Texte extrait de la rubrique "Au Coin du Jeu",
Canard PC n°337, du 15 avril 2016.
Il y a deux numéros, je vous faisais part de mon énervement devant l'initiative commune "anti-Adblock" d'un certain nombre d'éditeurs de presse en ligne et surtout face à l'erreur d'analyse qu'elle recouvrait ("Bloquez-moi ! Bloquez-moi ! Bloquez-moi !", Canard PC n° 336). Mais un mois après, est-ce que cela a fonctionné, finalement ? Parce qu'après tout, qu'importe le ronchon, pourvu qu'on ait la richesse…
Pour les quotidiens comme Le Monde, Le Figaro ou 20Minutes, 15-20 % des utilisateurs d'Adblock ont accepté de passer le site en liste blanche (40 % pour L'Équipe, quotidien spécialisé et en situation de monopole, ça aide). Et vous savez quoi ? Les éditeurs sont contents. Ils ont 80 % des lecteurs concernés qui préfèrent se passer de leur journal plutôt que de se taper leur peste publicitaire, mais ils sont contents. Est-ce que ça les interpelle sur la qualité de leur contenu ? Pas le moins du monde. Non, leur seul sujet officiel d'inquiétude, c'est l'indexation sur Google : figurez-vous que le moteur de recherche n'aime pas trop quand un internaute arrive sur un site et en repart de suite (c'est le joliment nommé "taux de rebond"). Vous voyez l'autruche qui met la tête dans le sable ? Faites-lui faire un tour complet en prime et vous y êtes.
S'intéresser prioritairement à la quantité (Google), plutôt que la qualité (en prenant en compte le dégoût des lecteurs), c'est le système absurde sur lequel tourne le Web en ce moment. Il faut lire à ce propos le témoignage d'une ancienne journaliste du site Business Insider1 (en anglais, sur medium.com : "Thoughts on Business Insider"). Elle y raconte l'ingérable pression que constituait l'obligation de fournir cinq articles par jour, ainsi qu'une audience d'un million de "visiteurs uniques" sur ses articles par mois.

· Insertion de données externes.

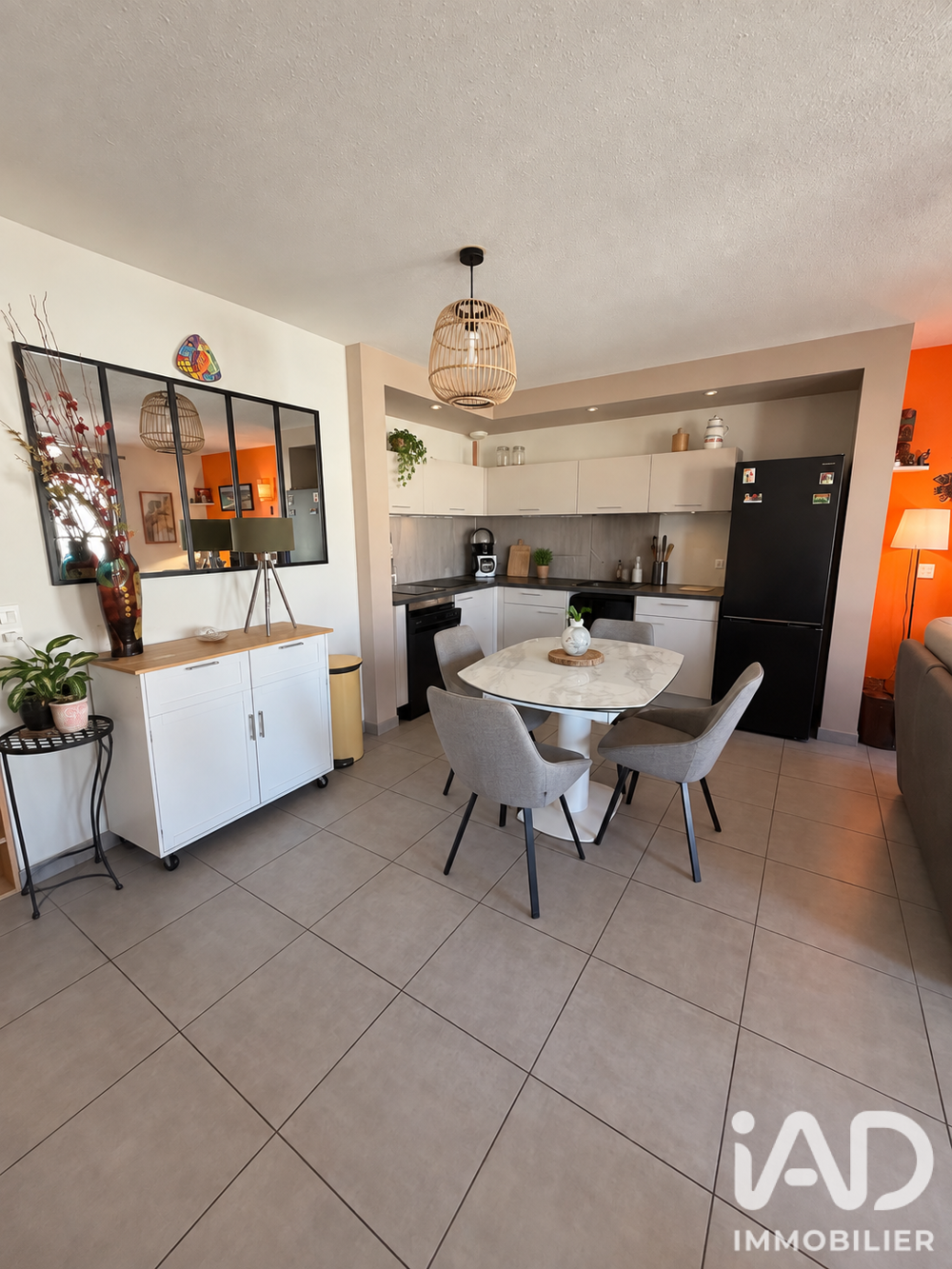 Vente Duplex 4 pièces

Ne croyez pas que cela soit différent pour les sites techno ou jeu vidéo (où la proportion d'Adblock avoisine 50 %). Sans atteindre peut-être les sommets de Business Insider, il est de notoriété publique que la presse Tech a testé plusieurs systèmes de rémunération variables dépendant du nombre de "vues" ou de "visiteurs", voire pour la presse professionnelle du nombre de "contacts" inscrits. Un système équivalent s'insinue dans le jeu vidéo : les streameurs par exemple ont le plus souvent un revenu fixe garanti minimal (quand il existe) et le reste dépendant du chiffre d'affaires généré en publicités.
A la racine, à chaque fois, on trouve une chute brutale des revenus publicitaires "classiques" (bandeaux, habillages, etc.) indexés sur le nombre de pages vues. Lorsque le site Gamekult a annoncé en juillet 2015 qu'il cherchait à éviter cet engrenage infernal en lançant une offre "Premium" payante, son rédacteur en chef Thomas Cusseau révélait dans une vidéo que les revenus publicitaires du site avaient été plus que divisés par deux entre 2012 et 2015, à audience équivalente. Cette situation cauchemardesque n'est pas un cas isolé : la chute est brutale et généralisée. Un site amateur comme Nofrag.com, bien connu des amateurs de FPS2, a récemment détaillé ses finances. Entre 2011 et 2015, ses recettes publicitaires ont tout simplement été divisées par 8. Aujourd'hui, bon nombre de sites internet ne semblent survivre qu'à force de chasse hystérique au clic, de publicités déguisées en articles, et de liens d'affiliation commerciale déguisés en "bons plans".
Ce n'est pas la "faute" des internautes munis d'Adblock, mais celle d'une promesse originelle mensongère : non, il n'est pas possible de produire gratuitement une information qui soit à la fois professionnelle (produite par des gens dont c'est le métier), de qualité (qu'il est difficile de trouver ailleurs) et indépendante (dénuée d'intentions commerciales cachées).
Que faut-il faire alors ? Si je le savais, je serais bien plus riche. Mais comme mon métier depuis vingt ans consiste à vous convaincre un par un, chers lecteurs, de sortir vos petits (et gros, je ne fais pas de ségrégation) euros pour nous lire, j'aurais tendance à penser que ce n'est pas une si mauvaise solution. Parce qu'après tout, le plus simple pour obtenir d'un internaute qu'il désactive Adblock, c'est encore de lui démontrer qu'il n'en a pas besoin.